Recreational visits to the monument for the month of June alone totaled 44,847.

“While there is no way to predict what the monument’s visitation may be in the future, having the dinosaur quarry open to visitors again definitely increases the monument’s draw,” said monument superindentent Mary Risser. “Despite gas prices, the economy, above normal temperatures, and fires in many western states, people are still traveling and coming to the monument. Uintah County Travel and Tourism based in Vernal, Utah and Moffat County Tourism in Craig, Colorado have both been wonderful partners in helping spread the word about the monument and letting people know that the dinosaur quarry is open again.”

Dinosaur National Monument covers more than 210,000 acres along the border of Colorado and Utah. In addition to the world famous dinosaur fossils, the monument also features two rivers renown for white-water rafting and boating, numerous petroglyph sites and other evidence of human habitation extending back over 7,000 years, an array of plant and animal life, campgrounds, trails and scenic drives.

The new visitor center construction was funded as part of the federal stimulus package early in the Obama administration.

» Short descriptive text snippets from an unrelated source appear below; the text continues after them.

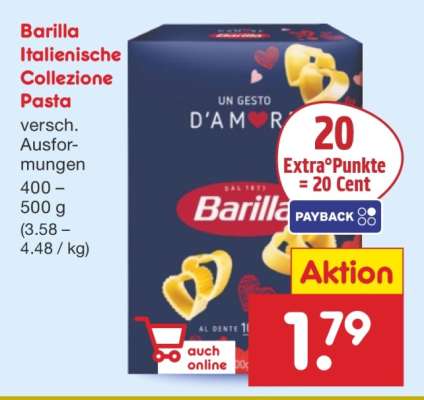 Barilla Italienische Collezione Pasta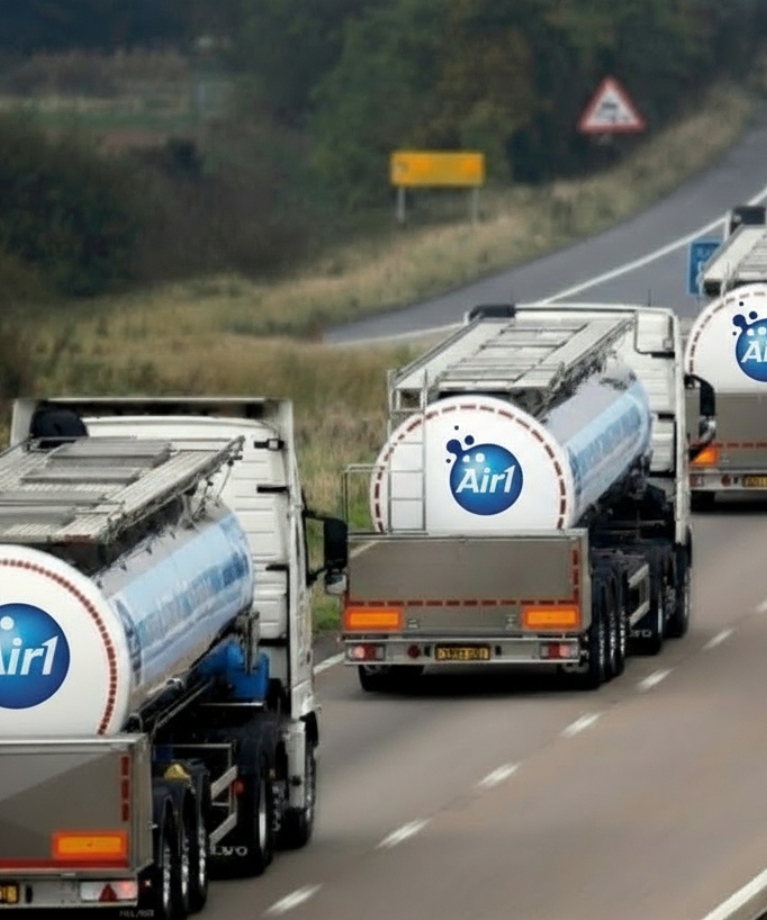 Adblue Lorries on the road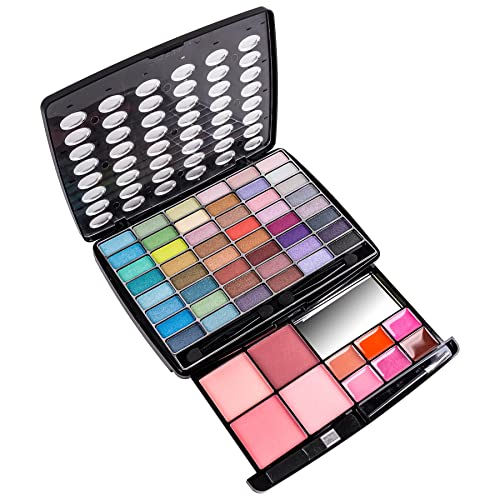 SHANY Glamour Girl Makeup Kit Eyeshadow Palette with Eyeshadows, Blushes, Lipstick Lip-gloss, Makeup Mirror, Makeup applicators, Premium Gift Packaging - Vintage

The original visitor center, built in the 1950s, was closed in 2006 because of structural damage. Attempts had been made to stabilize the building over the decades, but health and safety concerns led the Park Service to close it for repair and reconstruction.

The new hall was built over the site of the world-famous Carnegie Dinosaur Quarry. It provides close viewing of almost 1,500 dinosaur bones from the Jurassic Period, all exposed on the cliff face where they were deposited about 149 million years ago. The new exhibit hall will also feature information and displays about the Jurassic environment and its inhabitants.

Exhibits in the new visitor center, which now is located down the hill and separate from the fossil quarry, will introduce visitors to Dinosaur National Monument’s natural resources, homesteading history, petroglyphs, geology, paleontology, and rivers. They are designed to stimulate the interest of visitors and encourage them to explore the 210,000-acre monument on their own. Interpretive and educational items also will be available for sale in the Intermountain Natural History Association’s bookstore.

The new visitor center also earned Gold-standard LEED certification, with skylights, low-flow restroom fixtures, photovoltaics and efficient utility systems all helping to make the facility eco-friendly.

“We incorporated sustainability into the building’s design and construction and then the operation and maintenance of the building,” Risser said. “We salvaged materials from the demolished visitor center and shuttle waiting area.

Other components of the sustainable design involved using local materials; the stone for the masonry comes from a quarry in Masonville, Colorado and landscaping boulders from quarries in Maybell and on Blue Mountain. Native plants are being used for a water efficient landscaping. The Yellow cedar used in the large beams across the ceiling came from sustainable forests.